Taktik Pengalihan Isu dan Kontrol Pikiran Publik
Dalam analisanya menyinggung hal menarik: bagaimana publik seolah diarahkan untuk sibuk memperdebatkan hal-hal remeh seperti ijazah presiden atau gosip politik, sementara isu besar seperti korupsi triliunan rupiah di Pertamina perlahan tenggelam dari perhatian.
Fenomena ini memperkuat dugaan bahwa ada pola pengalihan isu. Ketika topik besar mencuat, langsung muncul isu baru — entah itu soal Termul, soal ijazah, atau perdebatan buzzer di media sosial. Publik pun dibuat lelah oleh drama politik yang tak berkesudahan.
Relasi Kekuasaan dan Termul sebagai Simbol
Lebih dari sekadar ejekan, istilah ini mencerminkan relasi kuasa yang tidak seimbang. Ternak menggambarkan posisi yang dikendalikan, sedangkan Mulyono bisa dibaca sebagai simbol dari kekuatan yang mengatur arah gerak. Dalam konteks politik, itu bisa berarti siapa pun yang tunduk pada sistem kekuasaan dominan.
Namun apakah semua yang bekerja di bawah pemerintahan otomatis ternak? Tentu tidak sesederhana itu. Banyak pejabat yang tetap bekerja profesional tanpa harus terseret politik loyalitas. Justru, stigma seperti inilah yang membuat ruang dialog publik makin sempit.

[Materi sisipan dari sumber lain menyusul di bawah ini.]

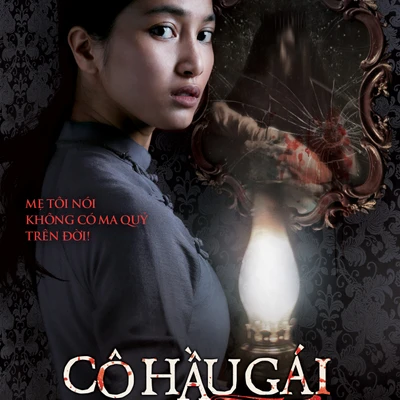 Cô Hầu Gái - Một bộ phim kinh dị duy mỹ - ELLE Việt Nam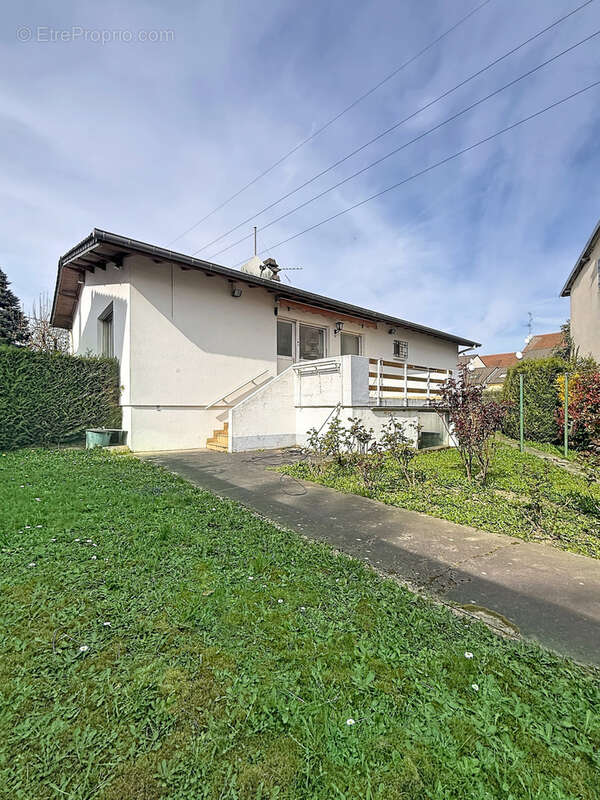 Maison à THIONVILLE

Ketika Satire Menjadi Cermin
Pada akhirnya, istilah Ternak Mulyono bisa dibaca sebagai satire sosial—kritik atas fanatisme politik yang melampaui batas. Ia menyindir publik yang terlalu mudah memuja atau membenci tokoh politik tanpa berpikir kritis.
Dan menariknya, istilah ini mungkin tidak akan pernah benar-benar mati. Ia akan terus muncul setiap kali publik merasa ada ketimpangan, ada kelompok yang dianggap terlalu dominan, atau ada aroma kekuasaan yang menekan logika.
Siapa yang Sebenarnya Dikendalikan?
Barangkali pertanyaan terakhir yang paling penting bukanlah siapa Ternak Mulyono itu, tapi apakah kita sendiri sedang menjadi bagian dari ternak yang lebih besar—ternak yang dikendalikan oleh media, algoritma, dan permainan opini yang tidak kita sadari.
Karena jika benar politik sudah menjadi panggung hiburan, maka rakyat hanyalah penonton setia yang tertawa di tengah sandiwara, tanpa sadar sedang dikendalikan oleh naskah yang ditulis entah oleh siapa.